Announces home-grown platform that will work with its Vivace switch in converged IP/MPLS backbones

September 25, 2003

2 Min Read
Tellabs Unveils Vivace Sibling

At the beginning of this year, Tellabs Inc. (Nasdaq: TLAB; Frankfurt: BTLA) didn’t have a product that addressed the market for converged IP/MPLS backbones.

Now it’s got two.

It’s got a multi-service switch/router, the Tellabs 8800, courtesy of its acquisition of Vivace in May (see Tellabs Snags Vivace for $135M). And now it's got the Tellabs 8600, a home-grown platform aimed at the same market, announced today (see Tellabs Unveils Edge Router).

The idea is that these boxes will work together in carrier networks. The new 8600 is a lower-capacity (42-Gbit/s) edge router optimized for providing Layer 2 and 3 MPLS VPNs in access and regional networks. The 8800 is a bigger beast, designed to sit deeper in the network. It has a capacity of 160 Gbit/s, which can scale to 2.5 Tbit/s, according to Tellabs. It boasts some functions not found on the 8600, aimed at enabling carriers to migrate legacy Frame Relay and ATM services onto IP/MPLS backbones.

In a Light Reading Webinar on IP/MPLS backbones yesterday, Paymon Mogharabi, product line manager for the Tellabs 8800, contended that the box's flow-based multiservice switching was the only surefire way of guaranteeing quality of service for legacy services – a critical issue for carriers.

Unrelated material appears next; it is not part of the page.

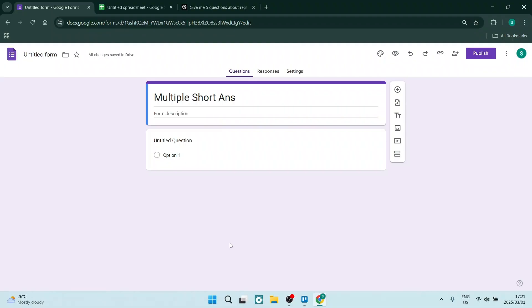If you need to add multiple short answers in Google Forms, I've got you covered. I'm going to show you a bunch of quick little ways to get it done, so let's dive in.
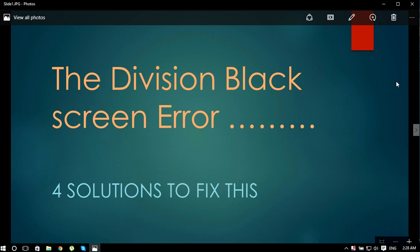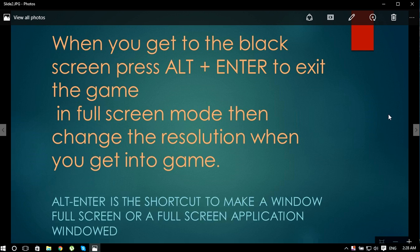As I've written here, the first solution is when you get the black screen just after the introduction of the game, press Alt plus Enter on the keyboard to exit from the full screen mode.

Another speaker in the Webinar, Azhar Sayeed, product line manager in the IOS division of Cisco Systems Inc. (Nasdaq: CSCO), begged to differ. He said hardware improvements now mean there's little to choose between multiservice switches and the latest edge routers in this regard.

Tellabs' acquisition of Vivace had a lot to do with the development of the 8600 in its R&D facility in Finland. During development work, Tellabs realized it would need a high-capacity box, and along came Vivace with just such an animal, and a similar vision of how converged IP/MPLS backbones would evolve. "Everything resonated with how we saw things," says Mika Heikkinen, vice president of Tellabs Managed Access Solutions and general manager of Tellabs Finland.

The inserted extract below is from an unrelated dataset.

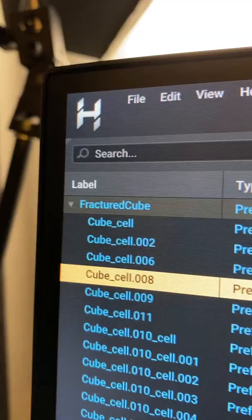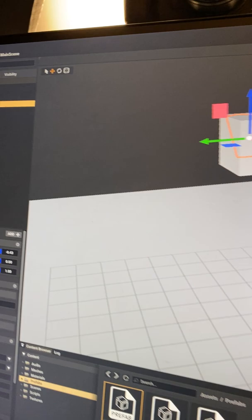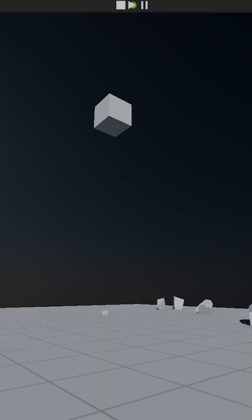This month is Optimization October, which means I'm working as hard as I can to optimize both Hazel's performance and workflow. To do that, I thought I'd build a quick little game inside Hazel that will help me point out those issues and solve them. And this is how it's going so far.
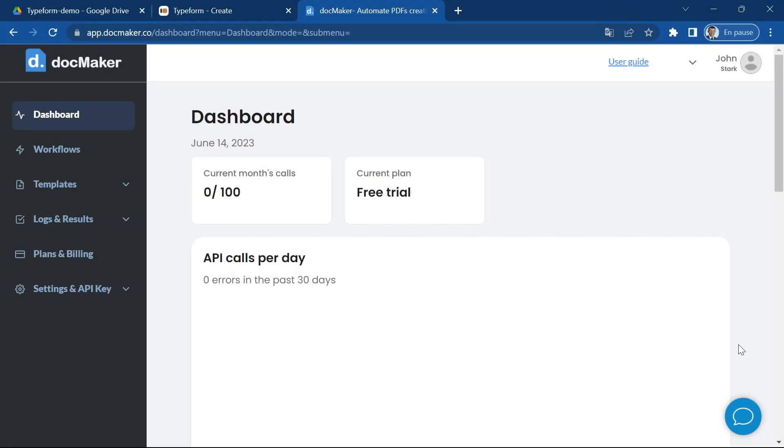Hi everyone, I'm Elion from docmaker.co and in this video I'm going to show you how you can create super easily some PDF or docx files based on the responses to your Typeform questionnaires.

Heikkinen says the combination of the 8600 and 8800 "will kill the complexity of MPLS networks." Tellabs will bring the two boxes under the control of a common management system, so that carriers can provision services from a central console.

The 8600 is already in trials with TeliaSonera AB (Nasdaq: TLSN) and will ship in the first half of next year. A U.S. launch is planned in a couple of months' time, according to Mike Kazban, Tellabs' vice president of marketing for advanced data products.